The WS and the WS' beams enter a dichroic prism 110, which deflects a blue light BS of the WS and WS' beams by 90.degree. and allows a red light RS and a green light GS to continuously transmit. The blue light BS passes a light path compensation plate 112 and enters a blue liquid crystal light valve (LCLV) 114, which converts the blue light BS into a blue light BP with P-state polarization and reflect the blue light BP back to the dichroic prism 110 through the light path compensation plate 112. The blue light BP is deflected to a projection lens 122 through the polarization analyzer 108. The projection lens 122 project the blue light BP onto an image screen (not shown). For the red light RS and the green light GS, they continuously travel to a color filter prism 116, which deflects the green light GS by 90.degree. into a red LCLV 118, and allows the red light RS to pass and reach a green LCLV 120. The red LCLV 118 reflects the green light GS back and converts it into a green light GP with P-state polarization. Similarly, the green LCLV 120 reflects the red light GS back and converts it into a red light GP with P-state polarization. The red light RP and the green light GP are also deflected to the projection lens 122 and projected to the image screen like the blue light BG.

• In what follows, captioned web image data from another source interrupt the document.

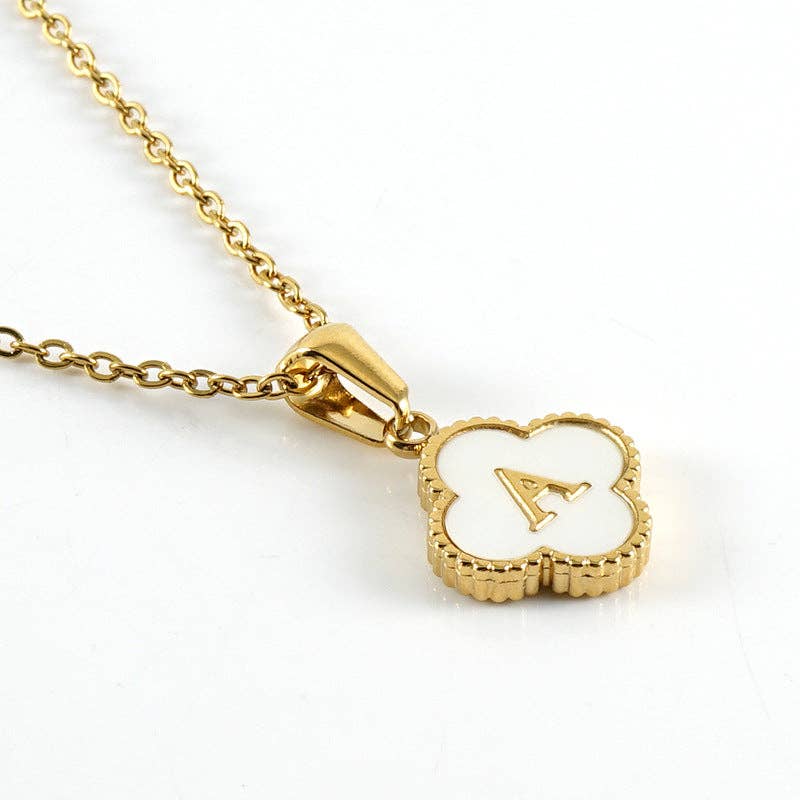 Gold necklace with a clover-shaped pendant featuring the letter 'A' on a white background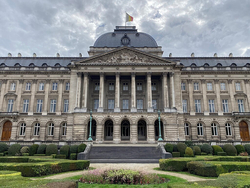 Königlicher Palast Brüssel, ein neoklassizistisches Gebäude mit Kuppel, Säulen und belgischer Flagge, umgeben von Gärten.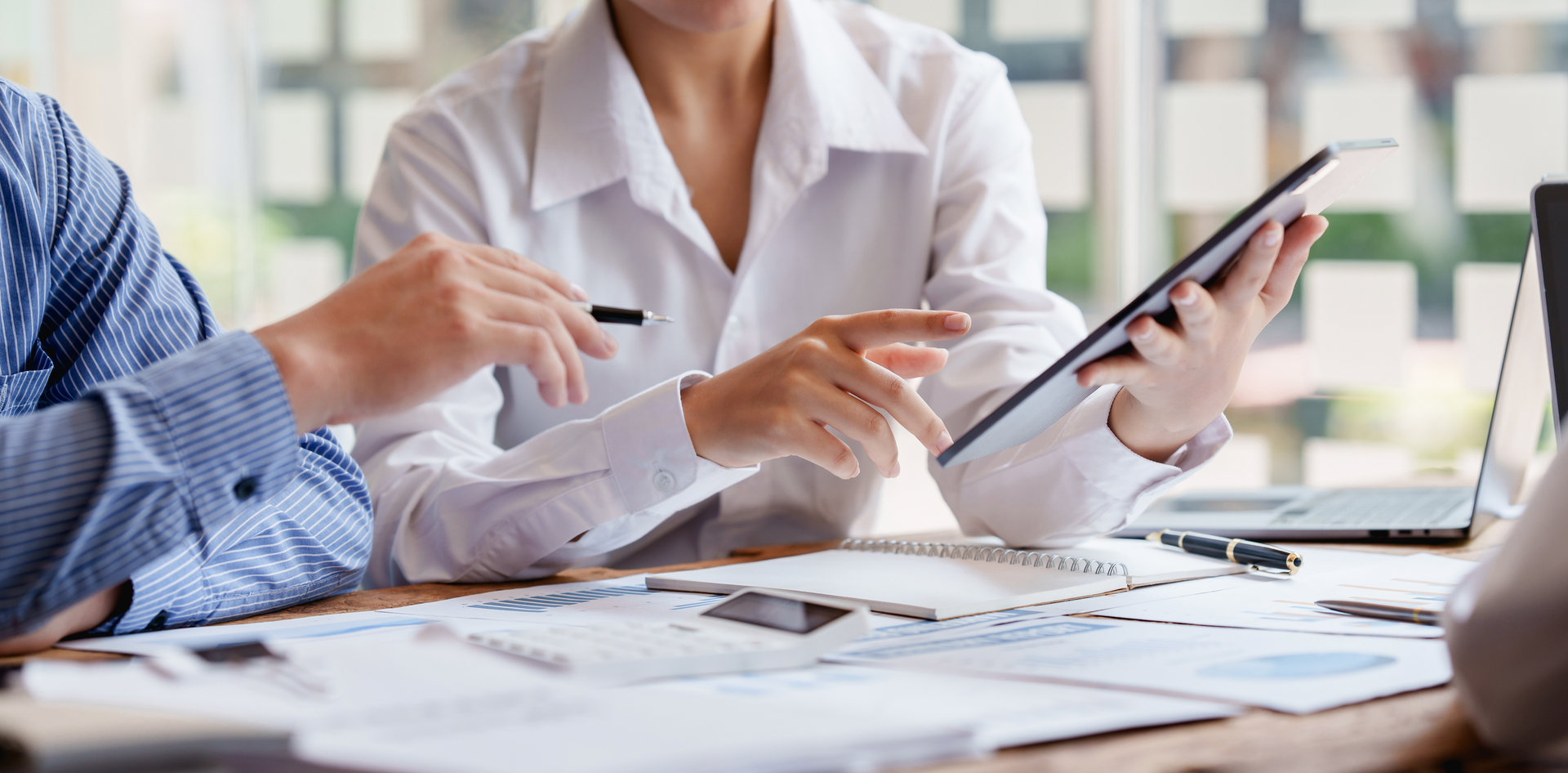 A group of people are sitting at a table looking at a tablet.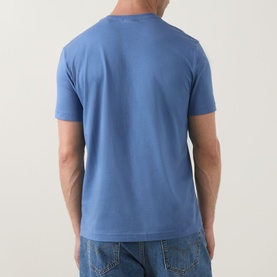 Model wearing Gant Shield Logo T-Shirt in Blue Horizon, rear view, crew neck, short sleeves, styled with light blue jeans.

In this system shown in FIG. 1, the system includes two light splitters and several prisms, resulting in a large system dimension. This display system cannot be efficiently applied in a large displaying area and is not portable. Moreover, a poor focusing quality severely occurs due to a too large distance between the LCLVs and the projection lens. This further limits its applications.

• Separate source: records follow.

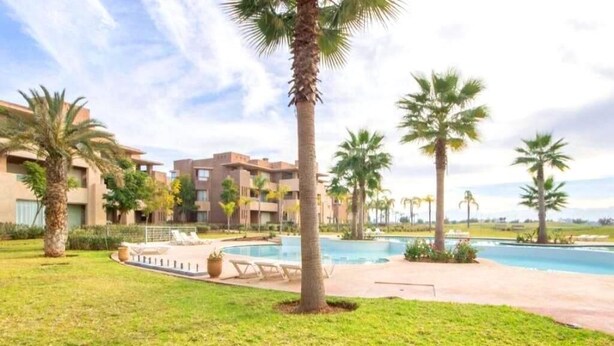 A resort with a swimming pool, palm trees, and a building with balconies. - Residence Marrakech Prestigia Golf City 5384 (Marrakech)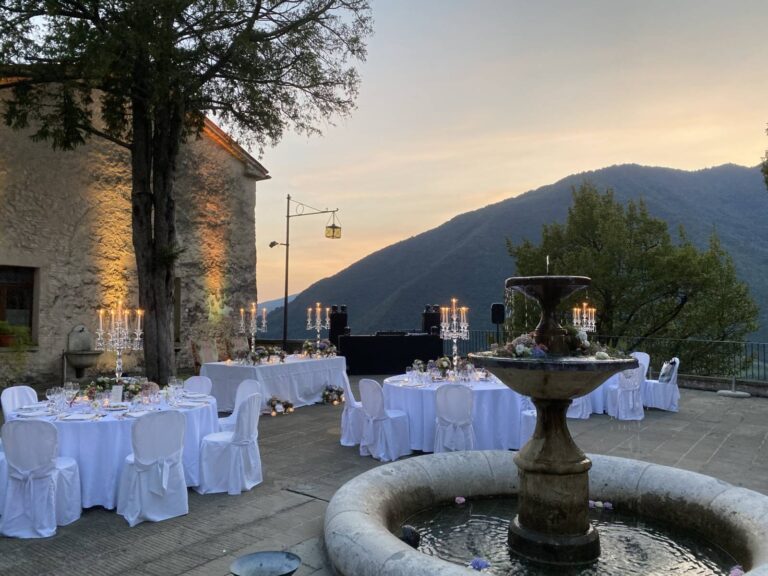Tables set by the fountain, Castel Brando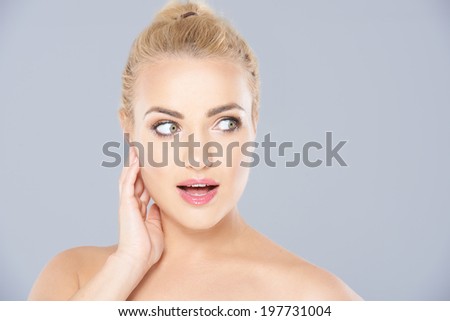 Beautiful young blonde woman looking surprised staring wide eyed at the camera with her lips parted  face portrait on grey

Another system is disclosed by U.S. Pat. No. 5,153,752 to reduce the distance of the projection lens and the system dimension. FIG. 2 is a structure diagram, illustrating a polarization light projection system used in a reflection-type color display board as disclosed by U.S. Pat. No. 5,153,752. In FIG. 2, a light source 200 can emit a white unpolarized light S+P, which enters a PBS 201 and is split into an S-state polarized beam S1 and a P-state polarized beam P2. The S-state polarized beam S1 is deflected by 90.degree. and enters a dichroic prism set 204, which includes several dichroic prisms 204a, 204b, 204c, and 204d. After passing the dichroic prism set 204, the S-state polarized beam S1 are split into a red light RS, a green light GS, and a blue light BS, which respectively travel to LCD panels 205R, 205G and 205B. The LCD panels 205R, 205G and 205B respectively convert the red light RS, the green light GS, and the blue light BS into a red light RP, a green light GP, and a blue light BP with P-state polarization, and reflect the lights RP, GP, and BP onto a projection lens 206, which projects passing light onto a screen (not shown).
For the P-state polarized beam P2, as it passes the PBS 201, it enters a half-wave plate 202 and is polarized to an S-state polarized beam S2. The S-state polarized beam S2, similar to the S-state polarized beam S1, is reflected by the LCD panels 205R, 205G and 205G and reach the screen at the end.
In this conventional projection system of FIG. 2, the dimension and the light focusing issues of the conventional projection system of FIG. 1 is reduced. However, since the system of FIG. 2 is very complicate, production yield rate is low and fabrication cost is high. Moreover, since several prisms are used in the system, a little misalignment may cause a large error. Its requirement of alignment precision is much higher that a usual level.